Oldest widely attested Gaelic language

Old Irish, also called Old Gaelic (Goídelc; Sean-Ghaeilge; Seann-Ghàidhlig; Shenn Yernish or Shenn Ghaelg), is the oldest form of the Goidelic/Gaelic language for which there are extensive written texts. It was used from c. 600 to c. 900. The main contemporary texts are dated c. 700–850; by 900 the language had already transitioned into Early Middle Irish. Some Old Irish texts date from the 10th century, although these are presumably copies of texts written at an earlier time. Old Irish is the direct ancestor to Early Modern Irish, Manx Gaelic and Scots Gaelic.

Old Irish is known for having a particularly complex system of morphology and especially of allomorphy (more or less unpredictable variations in stems and suffixes in differing circumstances), as well as a complex sound system involving grammatically significant consonant mutations to the initial consonant of a word. Apparently, neither characteristic was present in the preceding Primitive Irish period, though initial mutations likely existed in a non-grammaticalised form in the prehistoric era.

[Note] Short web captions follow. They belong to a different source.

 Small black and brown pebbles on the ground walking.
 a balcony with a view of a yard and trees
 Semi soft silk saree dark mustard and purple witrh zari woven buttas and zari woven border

Contemporary Old Irish scholarship is still greatly influenced by the works of a small number of scholars active in the late 19th and early 20th centuries, such as Rudolf Thurneysen (1857–1940) and Osborn Bergin (1873–1950).

==Notable characteristics==
Notable characteristics of Old Irish compared with other old Indo-European languages, are:
- Initial mutations, including lenition, nasalisation and aspiration/gemination.
- A complex system of verbal allomorphy.
- A system of conjugated prepositions that is unusual in Indo-European languages but common to Celtic languages. There is a great deal of allomorphy here, as well.
- Infixed or prefixed object prepositions, which are inserted between the verb stem and its initial prefix(es). If a verb lacks any such prefixes, a dummy prefix is normally added.
- Special verbal conjugations are used to signal the beginning of a relative clause.

Old Irish also preserves most aspects of the complicated Proto-Indo-European (PIE) system of morphology. Nouns and adjectives are declined in three genders (masculine, feminine, neuter); three numbers (singular, dual, plural); and five cases (nominative, vocative, accusative, dative and genitive). Most PIE noun stem classes are maintained (o-, yo-, ā-, yā-, i-, u-, r-, n-, s-, and consonant stems). Most of the complexities of PIE verbal conjugation are also maintained, and there are new complexities introduced by various sound changes (see below).

==Classification==
Old Irish was the only known member of the Goidelic branch of the Celtic languages, which is, in turn, a subfamily of the wider Indo-European language family that also includes the Slavonic, Italic/Romance, Indo-Aryan and Germanic subfamilies, along with several others. Old Irish is the ancestor of all modern Goidelic languages: Modern Irish, Scottish Gaelic and Manx.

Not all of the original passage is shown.